What to look for in a grass-fed colostrum supplement

The colostrum aisle is now flooded with brands, and most of them are not great. Here's a no-bullshit buyer's guide to what actually matters when you're picking a colostrum supplement.

What to look for in a grass-fed colostrum supplement — magic milk blog illustration

The colostrum aisle is now noisy

In 2023 there were maybe a dozen colostrum brands. In 2026 there are over a hundred. Amazon results are flooded with brands you've never heard of, vague claims, and prices ranging from $20 to $150 for what's nominally the same thing.

Most of them aren't worth your money. Here's what actually matters when you're picking one, in priority order.

1. Where does the colostrum come from?

This matters more than anything else.

Best: Grass-fed, pasture-raised cows on regenerative farms, primarily New Zealand or grass-fed certified US dairy.

Good: Grass-fed (any source).

Bad: Industrial dairy. Grain-fed cows. Mass-collection operations.

Why this matters: colostrum reflects what the cow ate. A cow grazing on diverse pasture produces colostrum with a wider nutrient profile, higher concentrations of bioactive compounds, and fewer contaminants.

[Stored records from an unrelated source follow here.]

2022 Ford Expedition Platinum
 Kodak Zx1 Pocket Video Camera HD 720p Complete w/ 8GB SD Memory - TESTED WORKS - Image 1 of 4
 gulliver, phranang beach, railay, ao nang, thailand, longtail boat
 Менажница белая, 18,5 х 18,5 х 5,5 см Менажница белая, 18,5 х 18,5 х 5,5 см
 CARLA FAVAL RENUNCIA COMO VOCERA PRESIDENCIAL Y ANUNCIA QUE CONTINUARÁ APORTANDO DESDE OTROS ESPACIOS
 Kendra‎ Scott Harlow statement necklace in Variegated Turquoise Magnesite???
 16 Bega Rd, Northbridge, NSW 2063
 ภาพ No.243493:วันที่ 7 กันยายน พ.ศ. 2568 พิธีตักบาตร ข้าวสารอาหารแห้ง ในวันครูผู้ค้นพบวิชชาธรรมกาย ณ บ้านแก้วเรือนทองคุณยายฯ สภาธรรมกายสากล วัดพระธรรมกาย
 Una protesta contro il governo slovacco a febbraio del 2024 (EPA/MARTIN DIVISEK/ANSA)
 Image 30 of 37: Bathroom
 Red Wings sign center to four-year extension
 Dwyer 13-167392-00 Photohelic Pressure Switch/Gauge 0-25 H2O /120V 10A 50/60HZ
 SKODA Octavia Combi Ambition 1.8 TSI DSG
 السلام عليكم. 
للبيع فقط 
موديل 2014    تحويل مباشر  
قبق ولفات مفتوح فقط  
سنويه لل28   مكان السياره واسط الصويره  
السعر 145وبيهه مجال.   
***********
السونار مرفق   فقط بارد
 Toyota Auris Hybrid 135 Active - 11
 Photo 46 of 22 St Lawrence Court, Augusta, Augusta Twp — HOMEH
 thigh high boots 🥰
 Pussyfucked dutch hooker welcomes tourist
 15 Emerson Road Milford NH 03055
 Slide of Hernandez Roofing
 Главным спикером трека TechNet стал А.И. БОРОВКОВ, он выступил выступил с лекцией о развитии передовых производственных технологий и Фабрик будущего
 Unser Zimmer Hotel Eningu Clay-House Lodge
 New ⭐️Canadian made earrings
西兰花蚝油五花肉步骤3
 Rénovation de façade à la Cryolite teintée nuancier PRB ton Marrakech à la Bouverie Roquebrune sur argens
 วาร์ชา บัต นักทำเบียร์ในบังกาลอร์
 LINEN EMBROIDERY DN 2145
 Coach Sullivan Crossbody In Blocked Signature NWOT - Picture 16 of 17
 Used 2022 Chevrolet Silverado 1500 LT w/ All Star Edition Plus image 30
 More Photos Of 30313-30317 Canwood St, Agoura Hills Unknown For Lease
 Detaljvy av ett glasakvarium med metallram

A cow in a confinement operation eating grain-based feed produces lower-quality colostrum, with more inflammatory omega-6 fats and a narrower nutrient range.

New Zealand is the gold standard because the climate makes year-round pasture-raising practical. Most "Grass-Fed New Zealand" colostrum is genuinely better than the alternatives, not just marketing.

Red flag: A brand that won't tell you where their colostrum comes from. If the label says "premium bovine colostrum" with no sourcing detail, assume the worst.

2. Calf-First Promise

This is an ethics question that's also a quality question.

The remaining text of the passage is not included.